Ben Stockholm'deyken, 1975 yılında bana Berlin'de Maria'nın benim şarkılarımı okuduğu haberi geldi. Çok şaşırdım. Sürgünde kaybolmuşsunuz. Şarkılarınız söyleniyor. Atina'da bir arkadaşım dinletmiş bestelerimi Maria'ya, o da çok sevmiş. Sonra Maria'yla yazışmaya başladık, Nazım Hikmet'in şiirlerinden besteler istedi. Ben de yaptım. Sonra Almanya'da tanıştım. NewYork'tan Kıbrıs'a kadar yüzlerce konsere katıldık. 1983'te ortak albüm çıkardık, Yunanistan'da yılın plağı ödülünü aldı.

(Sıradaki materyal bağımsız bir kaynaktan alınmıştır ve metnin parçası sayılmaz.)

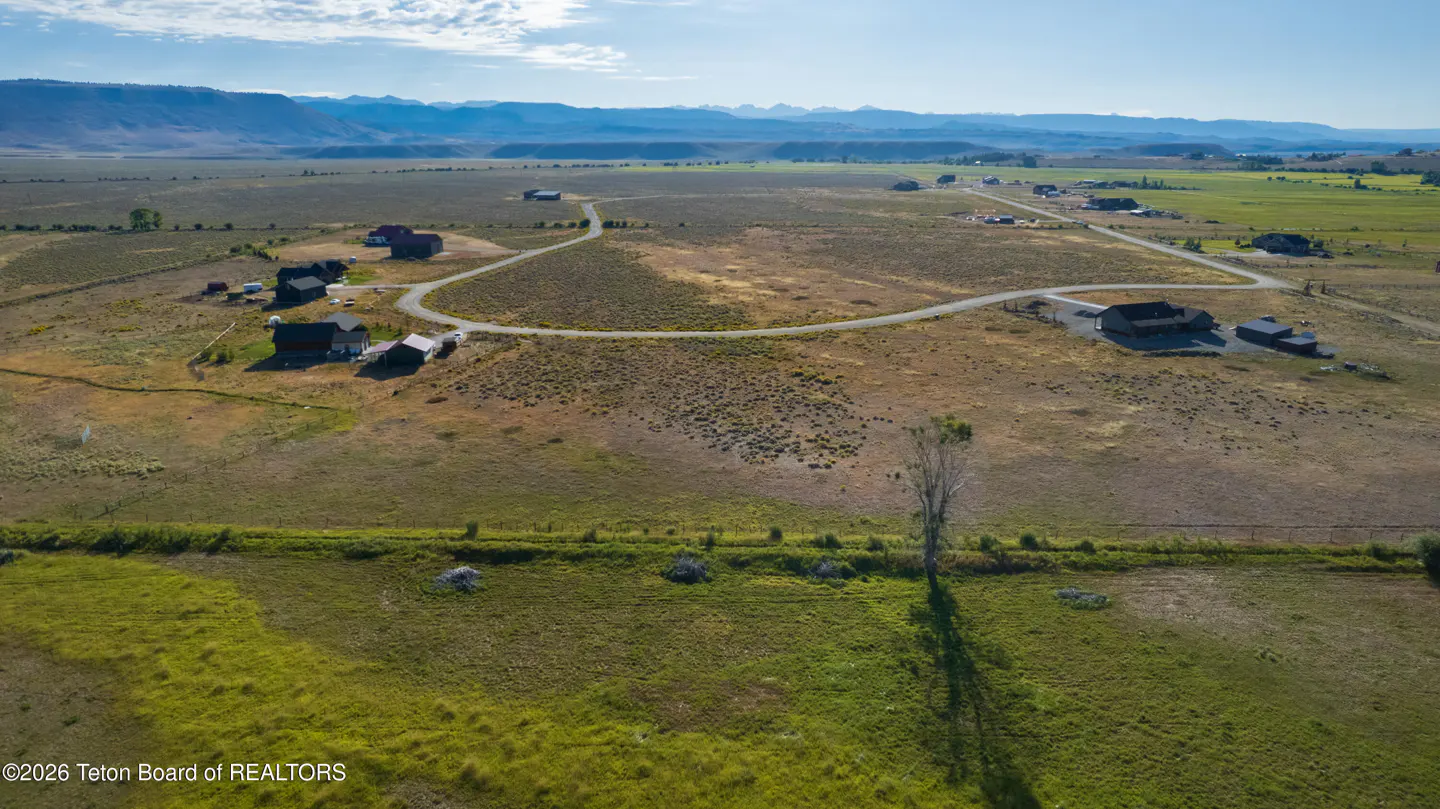 Aerial view of a rural landscape with scattered houses, dirt roads, and distant mountains under a blue sky.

* Başka bestecilerin şarkılarını söylemiyorsunuz...
Ben şarkıcı değilim. Kendi bestelerim olmasa şarkı söylemem. Kendi bestelerimin Maria tarafından seslendirilmesi beni çok mutlu ediyor. Zeki Müren'den Müslüm Gürses'e kadar seslendirmeyen kalmadı bestelerimi. Müslüm Gürses "Çırak Aranıyor"u söyledi. İbrahim Tatlıses, Kibariye... Çok farklı isimler söylüyor şarkılarımı. Geçenlerde Sibel Çan'ın bir röportajını okudum. "Çıkan albümümde Yiğidim Aslanım'ı okumak istedim, ama Zülfü Bey izin vermedi" diyor, benden kimse izin istemedi. İstese seve seve veririrdim.

* Kaç beste yaptınız şimdiye kadar?
300'ün üzerinde bestem var.

* Film müzikleri de var... Sürü, Yılanı Öldürseler...
35 kadar film müziği var. Oyun müzikleri, bir senfonik şiir de var.